Saved data entries
------------------------------------------------------------

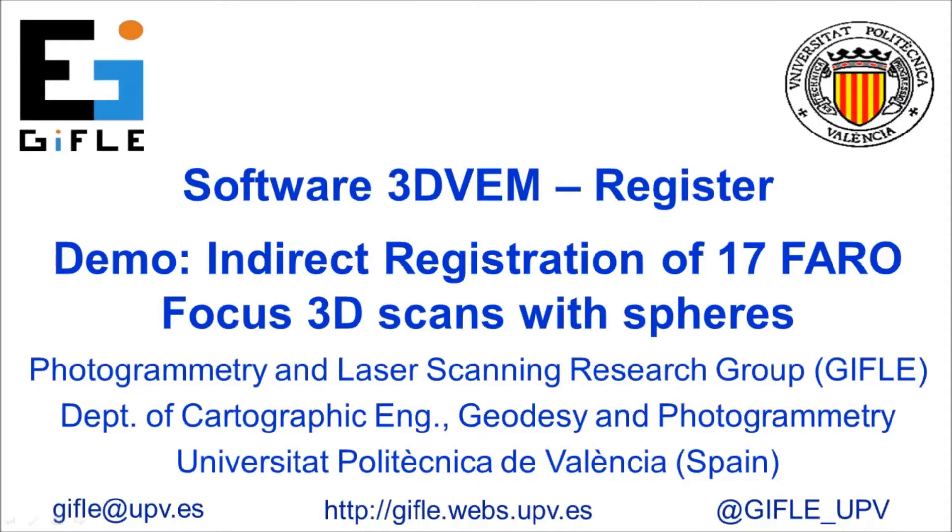Welcome to the demo for indirect registration with the software 3DvemRegister, developed by GIFLE at the Polytechnic University of Valencia. My name is José Luis Lerma.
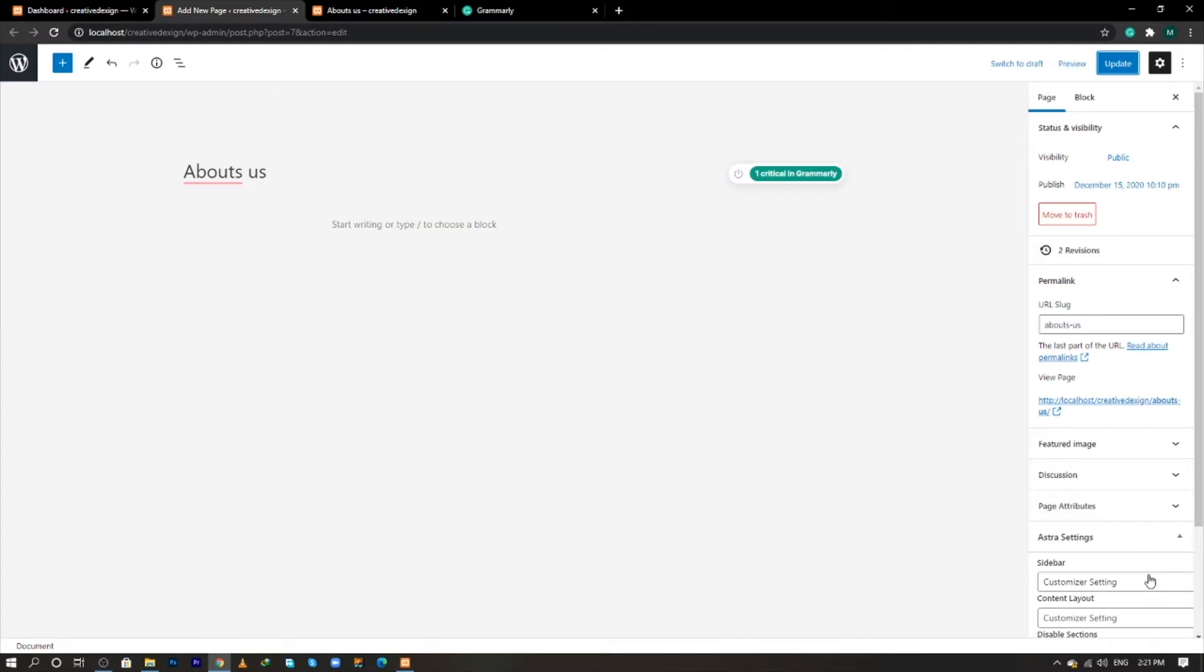Welcome back guys, my name is Ahsan and you are watching Creative Design. In today's video, we are going to learn how to change the URL of any page in WordPress. In the previous video, I mistakenly wrote the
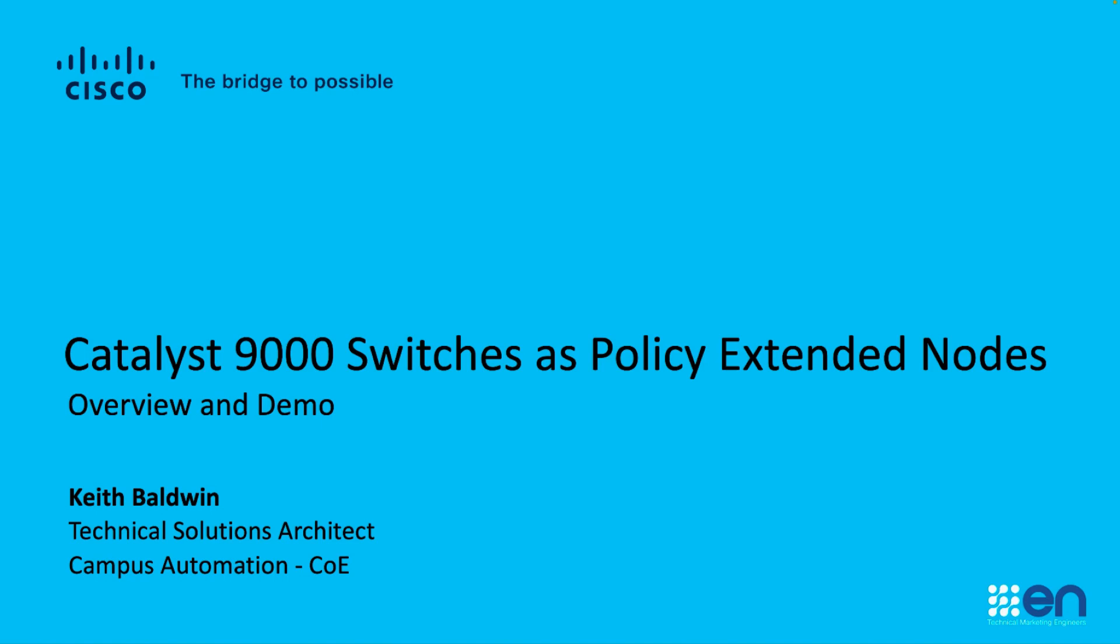Hello, my name is Keith Baldwin. I'm a technical solutions architect for the Campus Automation Center of Excellence.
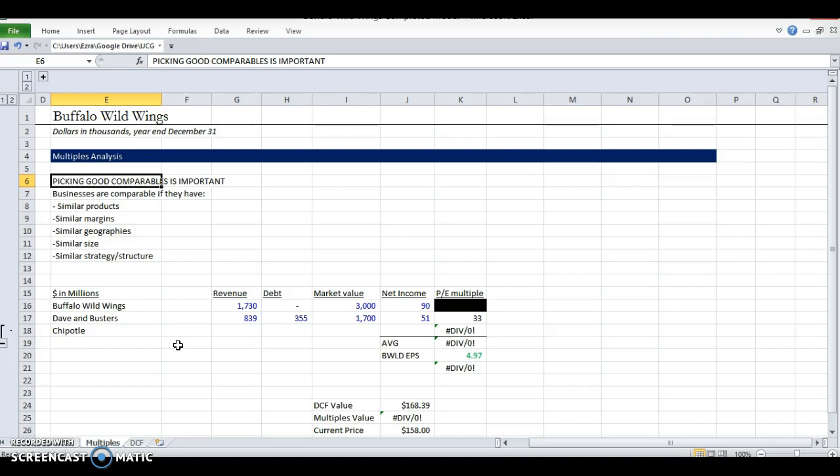So we want to make sure they're somewhat similar size. And then similar strategy or structure. For the price to earnings multiple, the debt actually does matter to us because this is post-debt money. Earnings is after you've paid out interest. So we care how risky the business is if the business is levered up, has 10 times debt to EBITDA or something, it might not be a good comparable because that debt business is much more risky. And you've seen that in the Khan Academy videos.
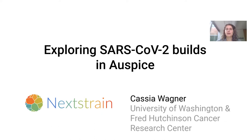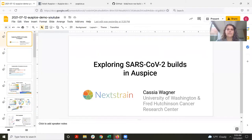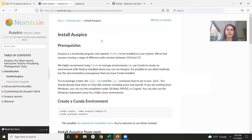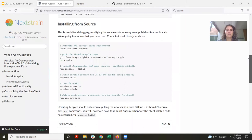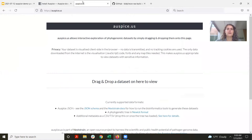When you use Nextstrain to build a phylogenetic tree, the main output file is going to be a JSON tree file. You can take this JSON file and look at it in Auspice using a couple of different methods. The first method would be to actually install the Auspice software locally on your computer. There are docs with instructions on how to do so and how to update it. If you don't want to install something, you can also just drag and drop that tree file onto Auspice.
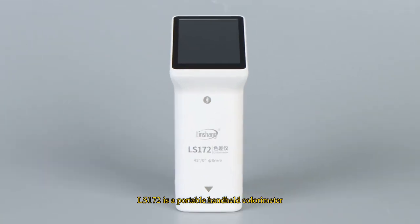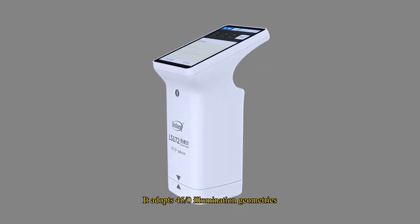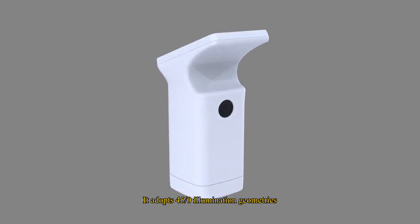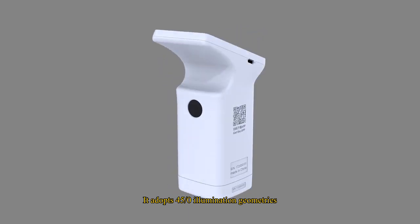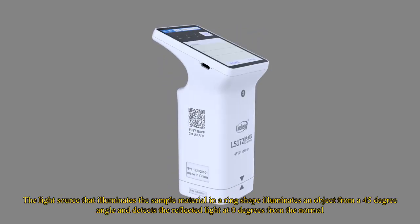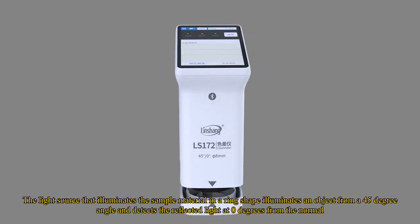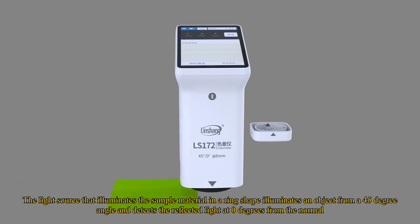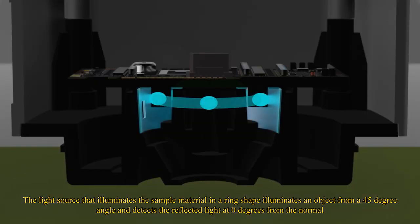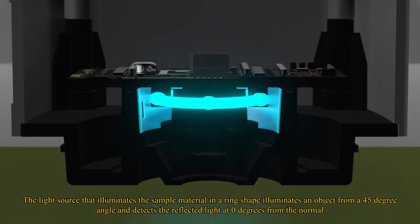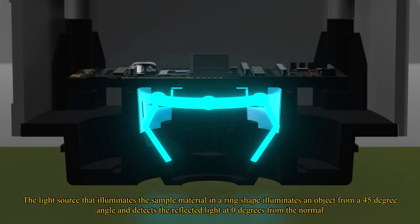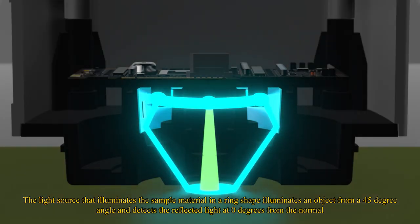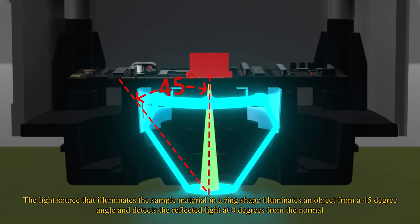LS172 is a portable handheld colorimeter. It adopts 45-degree illumination geometries. The light source that illuminates the sample material in a ring shape illuminates an object from a 45-degree angle and detects the reflected light at zero degrees from the normal.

------------------------------------------------------------

(Try it): Wherever a picture appears, omit it; copy the rest of the data exactly.

(Result of the task):
Welcome to the demo for indirect registration with the software 3DvemRegister, developed by GIFLE at the Polytechnic University of Valencia. My name is José Luis Lerma.
Welcome back guys, my name is Ahsan and you are watching Creative Design. In today's video, we are going to learn how to change the URL of any page in WordPress. In the previous video, I mistakenly wrote the
Hello, my name is Keith Baldwin. I'm a technical solutions architect for the Campus Automation Center of Excellence.
So we want to make sure they're somewhat similar size. And then similar strategy or structure. For the price to earnings multiple, the debt actually does matter to us because this is post-debt money. Earnings is after you've paid out interest. So we care how risky the business is if the business is levered up, has 10 times debt to EBITDA or something, it might not be a good comparable because that debt business is much more risky. And you've seen that in the Khan Academy videos.
When you use Nextstrain to build a phylogenetic tree, the main output file is going to be a JSON tree file. You can take this JSON file and look at it in Auspice using a couple of different methods. The first method would be to actually install the Auspice software locally on your computer. There are docs with instructions on how to do so and how to update it. If you don't want to install something, you can also just drag and drop that tree file onto Auspice.
LS172 is a portable handheld colorimeter. It adopts 45-degree illumination geometries. The light source that illuminates the sample material in a ring shape illuminates an object from a 45-degree angle and detects the reflected light at zero degrees from the normal.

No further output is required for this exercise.